Chapter 23450 wordsPublic domain

PERT POINTERS FOR PROSPECTIVE INVENTORS THAT WILL BE FOUND HELPFUL

While it is impossible to lay down fixed rules for the would-be successful inventor to follow, the following will be found useful:

Observe everything carefully. Try to remember everything you see. Acquire the habit of concentration. Reason logically. Do not overlook details. Be a hard worker. Keep your mouth shut. Don't count your chickens before they are hatched. Don't get inflated with your superiority, neglecting to avail yourself of the accumulated knowledge and experience of others. Don't imagine yourself a Solomon. Don't bite off more than you can swallow. (Read Æsop's fable about the "Eagle and the Jackdaw.") Don't set yourself a Quixotic task, and, on the other hand, don't think it is impossible for you to succeed where others have failed.

Do not start an advance account in greatness by telling everybody you come in contact with what a wonderful invention you are working on, thereby trying to enhance your importance with them. Remember you are not "It" until you have succeeded, and when you do, the world will know it soon enough, and you will not suffer by reason of its having found it out for itself. Remember an inventor is only judged by what he has made good, not by what he has attempted.

Don't, oh! please don't go about with a face as solemn and anxious as if you were an Atlas. Using the inside of your head, should not be sufficient reason for neglecting the outside of it by "boycotting" the barber. Hair is not "Wisdom teeth."

Do not waste your time complaining for the want of appreciation in your wife, for the "great ideas" you have in your head. She may have a strain of Missourian blood in her veins, and "She wants to be shown." When you "do," you can be sure she will not be slow in handing you up the "sugar lumps."

Because Shakespeare, Napoleon, Ruskin, etc., have parted from the partners of their youth, should not lead you to the deduction that it necessarily is the earmarks of greatness to cast aside, when you have become successful, the sharer of your early poverty and struggles.
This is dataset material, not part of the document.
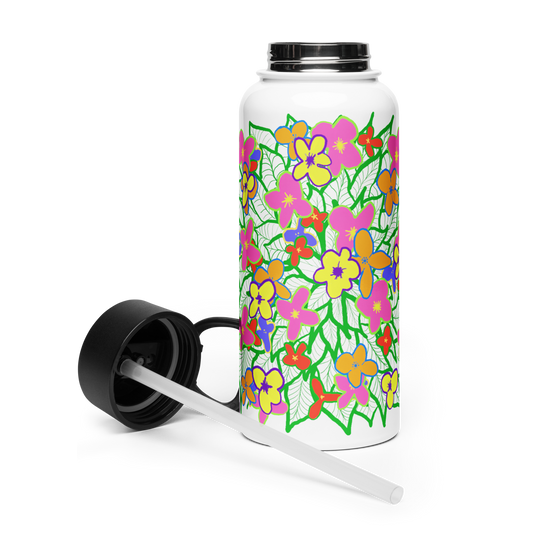 Blossom Burst Stainless Steel Water Bottle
You will be greater by not following anybody's example, in that respect.

Remember that only a temperate abstemious régime of life can give you the healthy brain required for the successful accomplishment of anything worth doing. Don't fail to give credit to others when it is due. Don't forget to repay those who have helped to make your success possible, and, lastly, gain your success in such a manner that your enjoyment of its reward will not be marred by the remorse of your conscience.